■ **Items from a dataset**

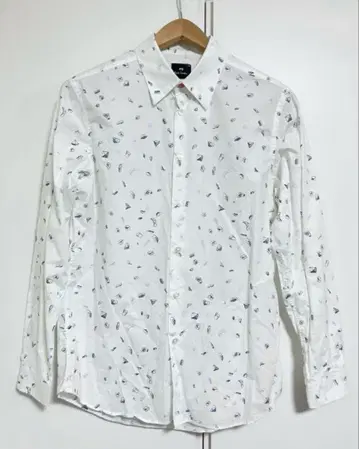 PS Paul Smith (폴스미스) 의 긴팔 올 패턴 셔츠 무료배송 M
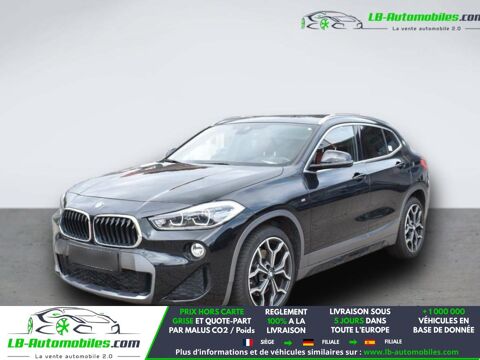 X2 sDrive 20d 190 ch BVA 2018 occasion 31850 Beaupuy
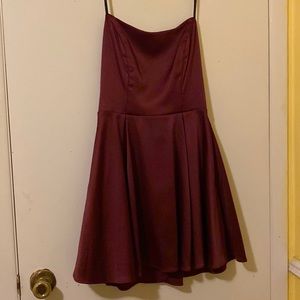 never before worn, sat in my closet untouched, strapless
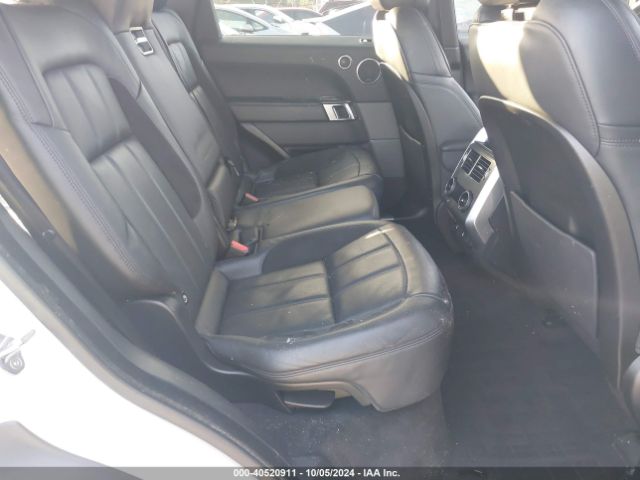 SALWS2SU8KA862534 Land Rover Range Rover Sport Hst Mhev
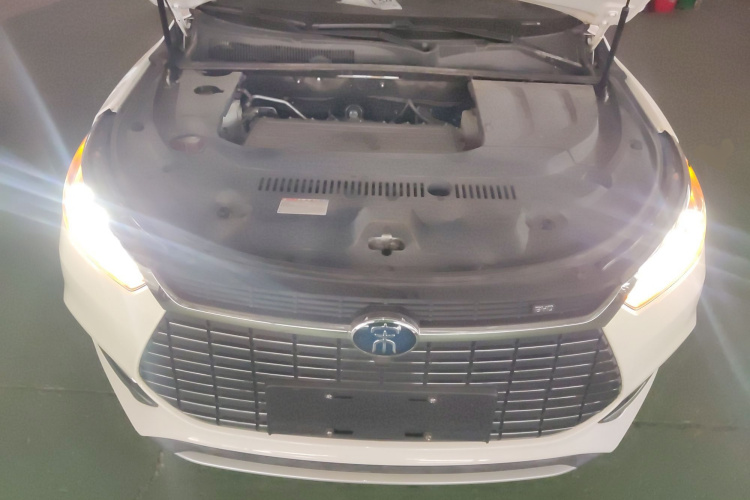 比亚迪 宋新能源 2019款 宋EV500 智联领动型局部细节24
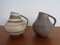 Jarras de Alemania Occidental de cerámica de Dümler & Breiden, años 50. Juego de 2, Imagen 4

■ **Task brief**
Write out the data exactly, but not its pictures.

■ **Response to this exercise**
 PS Paul Smith (폴스미스) 의 긴팔 올 패턴 셔츠 무료배송 M
 X2 sDrive 20d 190 ch BVA 2018 occasion 31850 Beaupuy
 never before worn, sat in my closet untouched, strapless
 SALWS2SU8KA862534 Land Rover Range Rover Sport Hst Mhev
 比亚迪 宋新能源 2019款 宋EV500 智联领动型局部细节24
 Jarras de Alemania Occidental de cerámica de Dümler & Breiden, años 50. Juego de 2, Imagen 4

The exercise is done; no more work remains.